■ **Dataset section**
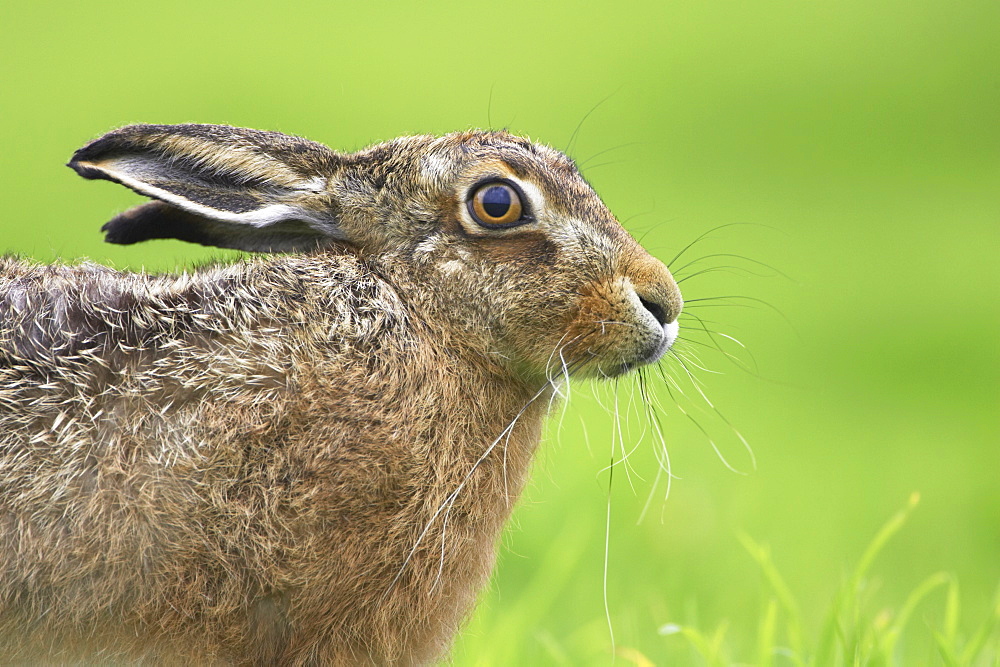 Brown Hare (Lepus capensis). Argyll, Scotland, UK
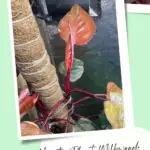 The leaves of a highly variegated Philodendron Pink Princess plant growing in a pot.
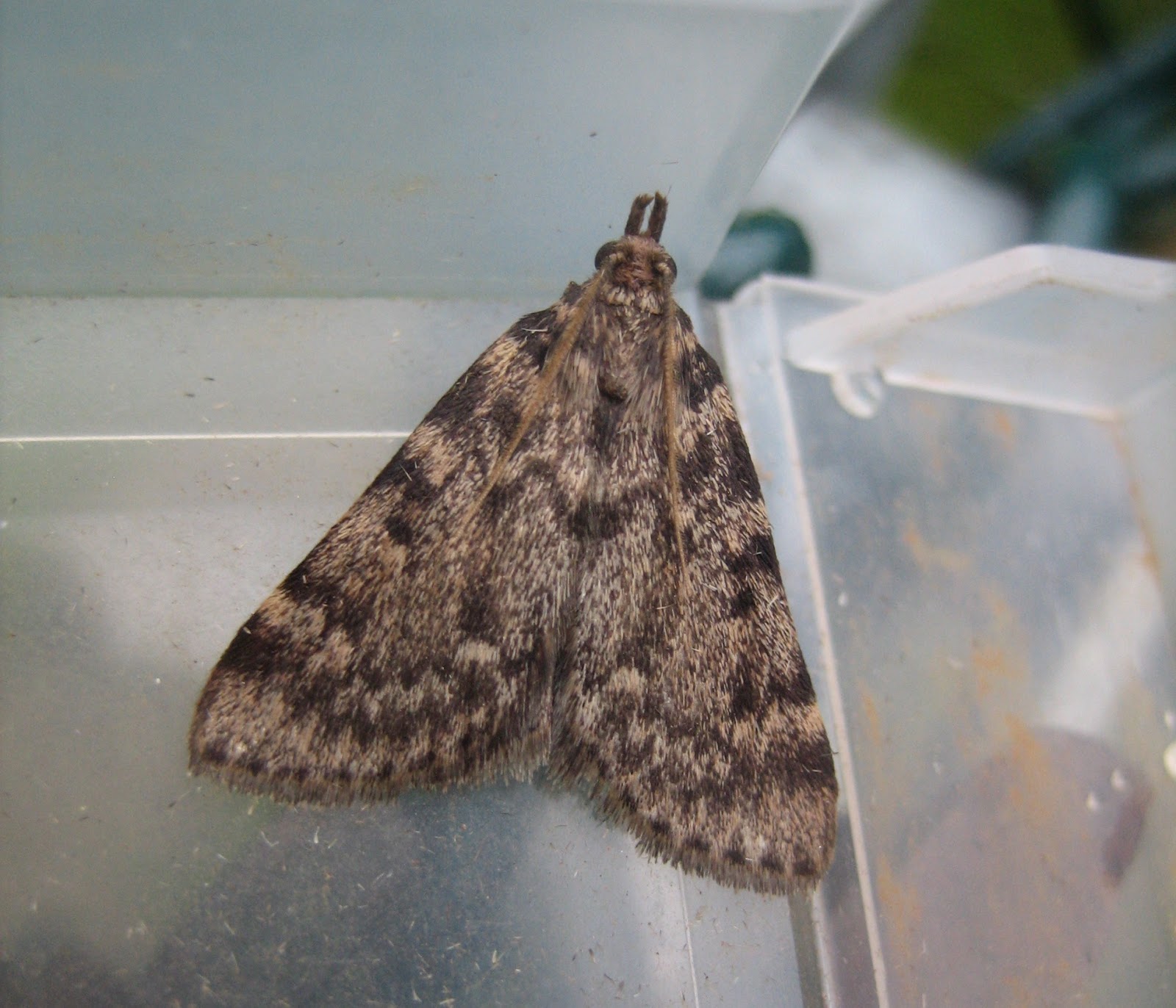 25 Moths In Bedroom That Will Steal The Show Lentine Marine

■ **Task to carry out**
The pictures in the data should be omitted, and every remaining line set down exactly.

■ **Response**
 Brown Hare (Lepus capensis). Argyll, Scotland, UK
 The leaves of a highly variegated Philodendron Pink Princess plant growing in a pot.
 25 Moths In Bedroom That Will Steal The Show Lentine Marine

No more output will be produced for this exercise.